1. Assess: The first step is a comprehensive medical and psychological evaluation. Given that school refusal is generally related to an underlying anxiety or depressive disorder, it’s important to get to the root of the problem and begin there. This will likely include both family and teacher questionnaires or interviews.
2. Cognitive Behavioral Therapy: This highly structured form of therapy helps children identify their maladaptive thought patterns and learn adaptive replacement behaviors. Children learn to confront and work through their fears.
3. Systemic desensitization: Some children struggling with school refusal need a graded approach to returning to school. They might return for a small increment of time and gradually build upon it.
4. Relaxation training: This is essential for children struggling with anxiety. Deep breathing, guided imagery, and mindfulness are all relaxation strategies that kids can practice at home and utilize in school.
5. Re-entry plan: The treatment team creates a plan to help the student re-enter the classroom. Younger children might benefit from arriving early and helping the teacher in the classroom or helping at the front desk. The plan also includes contingencies to help the student during anxious moments throughout the day (using fidget toys, taking a brain break to color, a walk outside with a teacher’s aide, etc.)
6. Routine and structure: Anxious children benefit from predictable home routines. Avoid over-scheduling, as this can increase stress for anxious kids, and put specific morning and evening routines in place.
7. Sleep: Sleep deprivation exacerbates symptoms of anxiety and depression. It also makes it difficult to get up and leave for school in the morning. Establish healthy sleep habits and keep a regular sleep cycle, even during holidays and on the weekends.
8. Peer buddy: Consider requesting a peer buddy for recess, lunch, and other less structured periods as anxiety can spike during these times.
9. Social skills training: Many students who struggle with making and keeping friends feel overwhelmed in the school environment. Social skills groups can help kids learn to relate to their peers and feel comfortable in larger groups.

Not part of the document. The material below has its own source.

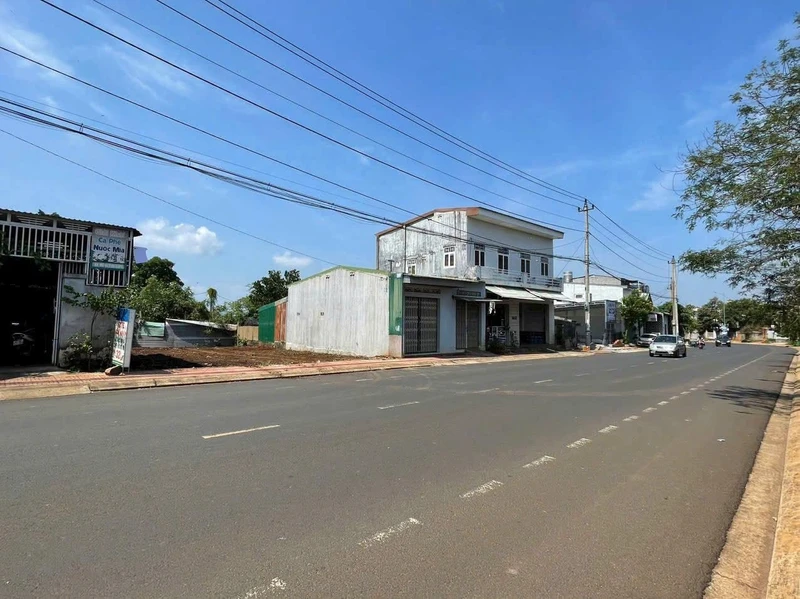 Bán đất mặt tiền đường Mai Thị Lựu 5x12m, thổ cư 100%, Buôn Ma Thuột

There isn’t a quick fix for school refusal. You might see periods of growth only to experience significant setbacks following school vacations or multiple absences due to physical illness. Acknowledge your child’s difficulty, engage in open and honest communication about it, empathize with your child, and pile on the unconditional love and support.
Freemont, Wanda P. (2003). "School Refusal in Children and Adolescents," American Family Physician, Oct 15;68(8):1555-1561.
Wimmer, Mary. (2010) "School Refusal: Information for Educators," Helping Children at Home and School, National Association of School Psychologists, Bethesda, MD.